Health Justice is a priority. Over the past two decades, our work with community partners and our research repeatedly demonstrates the need for a focus on health justice. COVID-19 now sweeps the country, exposing deep wounds and scars of racism and inequity, worsening already disparate health outcomes. Long before COVID-19 became a household word, Center staff and students recognized stark inequities underlying patients’ experiences, community conditions, and the systems driving health care access and quality. Now, facing new layers of uncertainty, patients face delayed treatment; job and benefits loss; and medical bills for COVID-19 testing and treatment.

Our response is multi-faceted: we are deepening our system change work regarding inequities and addressing COVID issues front and center for patients; we are participating in an international study of patients’ experiences with COVID; and we are adapting our (now remote) navigator and advocacy services to meet client’s pressing needs.

Effective collaboration is the way forward. Partnership and interdisciplinary teaming fuel the Center’s core mission. Partnerships between patients, providers, researchers and policymakers can transform our healthcare system. Collaborative, adaptive leadership skills will prove essential in any path to a more equitable future. Our co-leadership structure allows us to share expertise and invite multiple perspectives to solve the problems we face together.

Amplifying patients’ voices ensures responsive policies. Patients are at the core of our work. Through our National Initiatives, we use rigorous qualitative research to understand patients’ diverse experiences. Since system change is best informed by the people most impacted, we partner with patients to influence health policy and practices.

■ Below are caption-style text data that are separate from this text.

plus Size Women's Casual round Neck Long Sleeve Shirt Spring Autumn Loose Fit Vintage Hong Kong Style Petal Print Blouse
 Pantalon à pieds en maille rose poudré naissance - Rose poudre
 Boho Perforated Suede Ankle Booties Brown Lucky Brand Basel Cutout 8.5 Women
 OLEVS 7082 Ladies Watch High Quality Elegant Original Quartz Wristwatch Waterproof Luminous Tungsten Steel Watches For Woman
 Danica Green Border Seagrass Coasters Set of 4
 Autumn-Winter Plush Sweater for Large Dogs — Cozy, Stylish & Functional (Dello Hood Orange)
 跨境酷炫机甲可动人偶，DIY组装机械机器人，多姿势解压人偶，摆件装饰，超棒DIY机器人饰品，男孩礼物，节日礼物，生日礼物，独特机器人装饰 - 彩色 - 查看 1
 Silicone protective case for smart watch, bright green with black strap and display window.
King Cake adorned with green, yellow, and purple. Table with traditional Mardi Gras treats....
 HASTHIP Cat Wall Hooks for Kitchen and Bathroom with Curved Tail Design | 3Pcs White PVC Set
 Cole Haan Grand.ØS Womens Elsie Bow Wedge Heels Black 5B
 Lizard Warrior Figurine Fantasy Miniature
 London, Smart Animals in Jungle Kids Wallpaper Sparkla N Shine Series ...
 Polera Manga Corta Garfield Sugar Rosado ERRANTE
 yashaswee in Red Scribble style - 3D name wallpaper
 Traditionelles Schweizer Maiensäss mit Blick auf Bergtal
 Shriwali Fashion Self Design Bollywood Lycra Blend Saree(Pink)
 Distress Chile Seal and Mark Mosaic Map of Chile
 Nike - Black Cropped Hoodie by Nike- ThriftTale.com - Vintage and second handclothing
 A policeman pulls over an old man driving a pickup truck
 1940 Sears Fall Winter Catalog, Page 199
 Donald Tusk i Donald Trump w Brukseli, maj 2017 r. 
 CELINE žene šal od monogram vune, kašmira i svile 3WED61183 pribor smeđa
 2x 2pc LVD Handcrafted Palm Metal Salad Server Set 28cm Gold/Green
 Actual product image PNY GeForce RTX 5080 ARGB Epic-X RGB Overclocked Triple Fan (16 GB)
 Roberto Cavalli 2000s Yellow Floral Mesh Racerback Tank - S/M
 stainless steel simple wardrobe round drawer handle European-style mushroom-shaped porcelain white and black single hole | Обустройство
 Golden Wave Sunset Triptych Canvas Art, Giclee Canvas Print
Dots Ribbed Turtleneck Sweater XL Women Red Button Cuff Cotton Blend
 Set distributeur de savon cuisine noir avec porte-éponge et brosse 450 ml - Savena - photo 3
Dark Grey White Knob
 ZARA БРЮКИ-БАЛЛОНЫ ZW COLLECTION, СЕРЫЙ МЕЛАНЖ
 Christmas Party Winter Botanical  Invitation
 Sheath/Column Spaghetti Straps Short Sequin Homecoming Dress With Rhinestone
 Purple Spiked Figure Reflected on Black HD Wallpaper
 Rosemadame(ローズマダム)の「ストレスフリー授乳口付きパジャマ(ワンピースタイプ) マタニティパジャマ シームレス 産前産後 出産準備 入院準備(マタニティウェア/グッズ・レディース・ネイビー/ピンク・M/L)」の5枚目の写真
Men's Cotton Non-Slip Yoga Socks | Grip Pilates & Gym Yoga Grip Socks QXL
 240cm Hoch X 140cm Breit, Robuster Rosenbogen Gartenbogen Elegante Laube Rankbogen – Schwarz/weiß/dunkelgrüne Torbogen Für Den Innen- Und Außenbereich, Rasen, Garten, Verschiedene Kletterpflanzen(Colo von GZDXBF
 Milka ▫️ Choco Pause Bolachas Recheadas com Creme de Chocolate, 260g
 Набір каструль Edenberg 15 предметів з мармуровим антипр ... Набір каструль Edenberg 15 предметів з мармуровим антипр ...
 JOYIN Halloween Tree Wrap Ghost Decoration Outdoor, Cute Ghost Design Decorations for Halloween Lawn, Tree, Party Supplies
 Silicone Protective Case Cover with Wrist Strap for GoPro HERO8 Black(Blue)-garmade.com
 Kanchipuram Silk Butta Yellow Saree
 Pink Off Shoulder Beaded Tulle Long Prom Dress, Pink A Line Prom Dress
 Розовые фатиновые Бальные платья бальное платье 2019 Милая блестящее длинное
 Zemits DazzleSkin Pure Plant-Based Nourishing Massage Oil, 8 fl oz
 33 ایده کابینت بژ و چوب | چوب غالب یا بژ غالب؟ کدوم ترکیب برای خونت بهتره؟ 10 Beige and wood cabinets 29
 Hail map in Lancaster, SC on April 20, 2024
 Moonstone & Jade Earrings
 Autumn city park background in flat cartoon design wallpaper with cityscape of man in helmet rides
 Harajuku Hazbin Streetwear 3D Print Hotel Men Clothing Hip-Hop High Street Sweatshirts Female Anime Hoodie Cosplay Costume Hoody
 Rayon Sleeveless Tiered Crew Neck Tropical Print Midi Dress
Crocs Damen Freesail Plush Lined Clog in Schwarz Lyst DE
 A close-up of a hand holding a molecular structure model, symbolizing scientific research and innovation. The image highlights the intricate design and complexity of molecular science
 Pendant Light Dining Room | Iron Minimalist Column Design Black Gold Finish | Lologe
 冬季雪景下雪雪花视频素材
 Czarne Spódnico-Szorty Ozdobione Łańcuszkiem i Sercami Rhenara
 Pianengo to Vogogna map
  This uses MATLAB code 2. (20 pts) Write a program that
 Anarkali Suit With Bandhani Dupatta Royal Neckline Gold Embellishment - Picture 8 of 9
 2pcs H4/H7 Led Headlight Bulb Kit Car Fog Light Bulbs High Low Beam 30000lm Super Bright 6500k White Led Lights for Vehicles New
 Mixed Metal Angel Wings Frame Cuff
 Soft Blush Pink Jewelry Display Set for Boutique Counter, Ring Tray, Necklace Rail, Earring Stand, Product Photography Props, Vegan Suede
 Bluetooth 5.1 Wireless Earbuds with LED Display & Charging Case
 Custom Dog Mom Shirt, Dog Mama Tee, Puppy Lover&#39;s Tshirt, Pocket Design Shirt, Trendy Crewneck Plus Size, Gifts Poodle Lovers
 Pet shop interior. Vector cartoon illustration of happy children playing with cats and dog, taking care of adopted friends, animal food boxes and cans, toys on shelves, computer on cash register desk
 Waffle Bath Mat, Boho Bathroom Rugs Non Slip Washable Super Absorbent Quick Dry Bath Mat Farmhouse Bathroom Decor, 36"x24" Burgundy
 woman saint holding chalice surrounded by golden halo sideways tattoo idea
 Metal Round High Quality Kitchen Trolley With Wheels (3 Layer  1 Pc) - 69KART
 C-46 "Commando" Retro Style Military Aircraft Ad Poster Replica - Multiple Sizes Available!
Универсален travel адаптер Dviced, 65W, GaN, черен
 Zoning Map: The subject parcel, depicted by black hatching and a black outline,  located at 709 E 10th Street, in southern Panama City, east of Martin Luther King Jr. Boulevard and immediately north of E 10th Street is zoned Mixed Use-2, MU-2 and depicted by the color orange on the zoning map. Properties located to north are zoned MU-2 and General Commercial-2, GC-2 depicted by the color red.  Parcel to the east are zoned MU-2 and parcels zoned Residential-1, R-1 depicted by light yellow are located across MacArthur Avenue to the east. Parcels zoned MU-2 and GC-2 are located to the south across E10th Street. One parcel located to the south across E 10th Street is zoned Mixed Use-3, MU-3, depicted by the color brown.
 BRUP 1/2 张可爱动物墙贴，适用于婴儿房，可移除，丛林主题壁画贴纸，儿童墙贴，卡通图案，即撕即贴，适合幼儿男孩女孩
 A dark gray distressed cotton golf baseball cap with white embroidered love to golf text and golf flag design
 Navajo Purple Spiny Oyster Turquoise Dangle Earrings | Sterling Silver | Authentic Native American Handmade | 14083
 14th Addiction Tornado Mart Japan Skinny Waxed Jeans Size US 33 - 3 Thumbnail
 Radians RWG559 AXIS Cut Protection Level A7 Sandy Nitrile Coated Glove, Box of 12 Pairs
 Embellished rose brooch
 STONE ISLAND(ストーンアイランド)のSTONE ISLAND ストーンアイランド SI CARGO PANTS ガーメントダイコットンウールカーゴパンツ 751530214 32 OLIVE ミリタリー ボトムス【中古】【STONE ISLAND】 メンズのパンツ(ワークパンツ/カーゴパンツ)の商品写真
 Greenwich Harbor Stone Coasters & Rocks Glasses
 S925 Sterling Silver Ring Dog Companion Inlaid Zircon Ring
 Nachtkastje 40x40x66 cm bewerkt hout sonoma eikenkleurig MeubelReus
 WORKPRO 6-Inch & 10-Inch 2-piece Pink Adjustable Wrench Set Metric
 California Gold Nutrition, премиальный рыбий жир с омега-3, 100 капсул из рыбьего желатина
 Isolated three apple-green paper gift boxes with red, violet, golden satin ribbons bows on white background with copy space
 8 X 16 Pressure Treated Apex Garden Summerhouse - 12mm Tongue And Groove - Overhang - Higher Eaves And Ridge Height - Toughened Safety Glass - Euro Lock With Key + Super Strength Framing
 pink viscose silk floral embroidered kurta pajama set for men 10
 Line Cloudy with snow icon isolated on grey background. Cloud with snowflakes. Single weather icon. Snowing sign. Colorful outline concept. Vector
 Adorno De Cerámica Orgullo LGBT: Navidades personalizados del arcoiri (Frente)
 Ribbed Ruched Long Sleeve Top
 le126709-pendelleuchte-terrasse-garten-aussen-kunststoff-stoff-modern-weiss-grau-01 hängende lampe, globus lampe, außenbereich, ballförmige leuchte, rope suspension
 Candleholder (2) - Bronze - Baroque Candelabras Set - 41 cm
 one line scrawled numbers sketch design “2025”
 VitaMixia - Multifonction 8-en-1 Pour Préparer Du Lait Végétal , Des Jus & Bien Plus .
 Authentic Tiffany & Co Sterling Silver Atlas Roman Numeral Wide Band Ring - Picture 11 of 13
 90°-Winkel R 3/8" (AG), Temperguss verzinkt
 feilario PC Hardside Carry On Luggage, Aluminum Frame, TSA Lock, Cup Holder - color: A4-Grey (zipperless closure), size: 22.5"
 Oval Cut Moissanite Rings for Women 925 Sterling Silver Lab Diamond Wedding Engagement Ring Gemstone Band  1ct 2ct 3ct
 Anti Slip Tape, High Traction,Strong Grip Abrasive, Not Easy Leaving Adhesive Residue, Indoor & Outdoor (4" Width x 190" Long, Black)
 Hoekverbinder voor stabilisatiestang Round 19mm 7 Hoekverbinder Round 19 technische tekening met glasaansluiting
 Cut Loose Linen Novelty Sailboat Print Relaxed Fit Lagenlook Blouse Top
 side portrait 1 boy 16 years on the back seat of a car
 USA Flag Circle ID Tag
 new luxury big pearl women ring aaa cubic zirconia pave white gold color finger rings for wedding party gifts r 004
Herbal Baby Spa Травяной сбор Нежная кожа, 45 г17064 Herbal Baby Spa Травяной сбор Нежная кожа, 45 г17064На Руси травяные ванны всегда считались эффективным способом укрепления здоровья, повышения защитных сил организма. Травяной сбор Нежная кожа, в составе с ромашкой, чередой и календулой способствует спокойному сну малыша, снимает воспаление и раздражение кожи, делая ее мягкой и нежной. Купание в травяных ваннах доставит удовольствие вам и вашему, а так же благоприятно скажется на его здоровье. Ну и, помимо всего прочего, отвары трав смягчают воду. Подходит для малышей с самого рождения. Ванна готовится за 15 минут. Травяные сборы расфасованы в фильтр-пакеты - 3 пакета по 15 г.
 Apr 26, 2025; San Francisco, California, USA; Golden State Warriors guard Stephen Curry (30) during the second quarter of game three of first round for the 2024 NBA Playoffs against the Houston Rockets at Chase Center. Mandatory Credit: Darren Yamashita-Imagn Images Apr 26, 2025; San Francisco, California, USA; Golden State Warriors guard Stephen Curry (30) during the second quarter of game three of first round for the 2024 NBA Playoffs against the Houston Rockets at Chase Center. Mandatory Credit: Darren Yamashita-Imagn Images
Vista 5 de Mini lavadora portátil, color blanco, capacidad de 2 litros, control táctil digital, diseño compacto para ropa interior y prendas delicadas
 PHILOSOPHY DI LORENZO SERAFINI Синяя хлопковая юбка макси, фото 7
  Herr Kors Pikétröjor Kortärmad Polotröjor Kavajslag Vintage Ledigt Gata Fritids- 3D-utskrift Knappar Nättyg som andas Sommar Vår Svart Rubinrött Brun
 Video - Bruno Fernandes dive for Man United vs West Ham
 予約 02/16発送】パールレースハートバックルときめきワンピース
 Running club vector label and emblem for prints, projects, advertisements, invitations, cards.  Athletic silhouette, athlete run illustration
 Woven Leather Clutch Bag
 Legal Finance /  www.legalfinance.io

Through our service learning approach, patients are part of the teaching team sharing the patient perspective of how we value health and deliver healthcare in America.

Students learn best through modeling and immersive experience. Our leadership structure matters. For many students, the Center represents one of the first professional environments where they practice the skills and approaches of their chosen professions. As we track the careers of our alums, we know that our leadership training translates into practice. Take Maureen Atwell, executive director for Hebron Housing Services, who moved into the homeless shelter she runs during this crisis.

With your partnership, the Center for Patient Partnerships is building on a solid platform. Welcome Jill and Sarah!